One of the things that surprised me, years ago when I was waitressing! was how restaurants had different accounting systems.  Most would have the house set prices for for food, customers would buy food from the house, and the waiters and waitresses would be tipped a percentage (15% to 20%) based on the quality of their service.  However, the best place I ever worked at inverted that relationship (it was our college pizzaria).  Instead, they chose to have the wait staff work as independent contractors, who purchased food from from the house, and independently resold the food to customers.  Same experience for customers, but much better tips, everybody was enthusiastic, everybody was responsible for working their own ledger, and a much better system overall.  Because the house trusted us to keep our own books.

I bring up this example because to answer your question, I suspect you need to ask (and answer) some questions about how the accounting is going to happen.  Will there be a new business entity created for this SaaS?  Or will it be a subsidiary of the parent company?  Who will be running the accounting system?  Is the development team providing a service to you by developing a product to spec?  Or are you providing a service to them by generating sales?  (The distinction isn't always as obvious as it may seem, because our egos have a tendency to bias our perceptions.). 

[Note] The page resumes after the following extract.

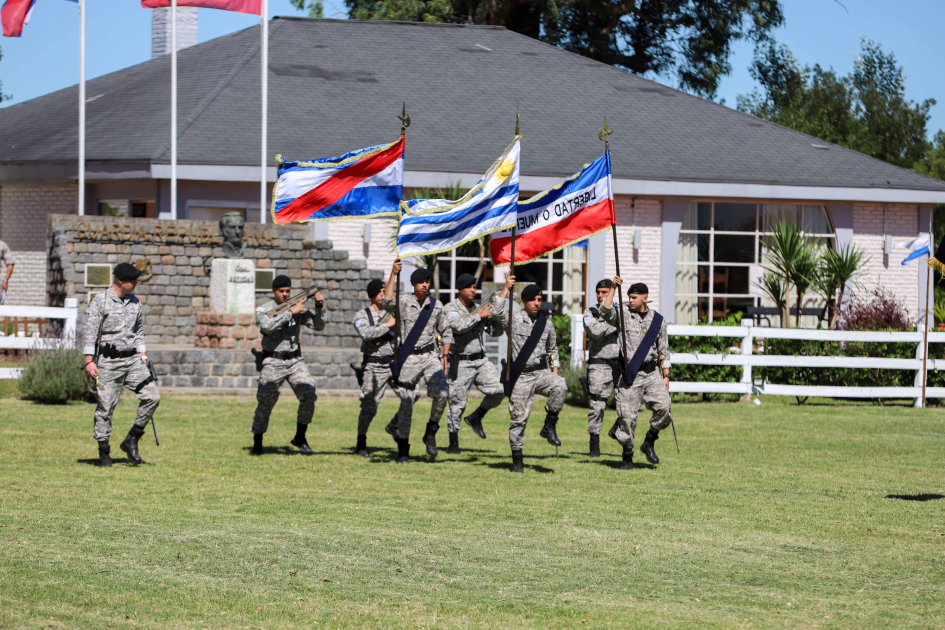 Formación de Banderas de la Guardia Republicana portando el Pabellón Nacional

Beware of the 50/50 split.  It seems the most fair from a simple arithmetic perspective, but calculus tell us that it's the volume under a curve that often matters the most.  Add in some real-world statistics concerning normal distributions and Gaussian distributions, and you quickly find yourself with Pareto's Law (the 80/20 rule) which describes the relationship of inputs to outputs, and is a 50/50 split, once one accounts for statics and volume under the curve.  Ever wonder why waiters and waitresses get timed 15% to 20%?  Look to Pareto's Law and the 80/20 rule.  

If I were in your shoes, negotiating equity in a SaaS project (and I am, in fact), I'd be looking for an 20% split +/- 5%.

Rick Nguyen Cofounder @ Spot Trender

October 11th, 2013

Hey Patrick, I was in the exact situation as you.

Background: I have a science and business background, no coding skills. So I locked myself in my apartment for months learning how to code and raised $50K for Spot Trender. With this money I got a development firm to help build the product. Since Spot Trender is an enterprise solution for A/B testing video ads, the quality needs to be high so the development cost was quite high. Fortunately the owner of the dev firm believes in our product as well, so he wants in as an equity partner.We both are very happy with the terms and the arrangement has been working out very well for Spot Trender.

Below is the term I have with him:

-Spot Trender gets 50% discount for all development work.
-Dev firm owner acts as interim CTO, and goes with us to investor meetings. He's quite a tech veteran with proven records so this is a big plus.
-Dev firm owner gets 5% equity vested over 2 years.

Note: We worked with him as pure contractor for 3 months before agreeing to the terms above. Like Marc DeWalle  said, date first before you marry.

Hope this helps. Feel free to contact me rick@spottrender.com if you want to talk.

Cheers!
-Rick

Patrick Holman Enterprise Technology Sales

October 11th, 2013

He would not be charging me like a normal client.  He would be charging me his cost of labor, a pass through to his developers (no financial cut for him).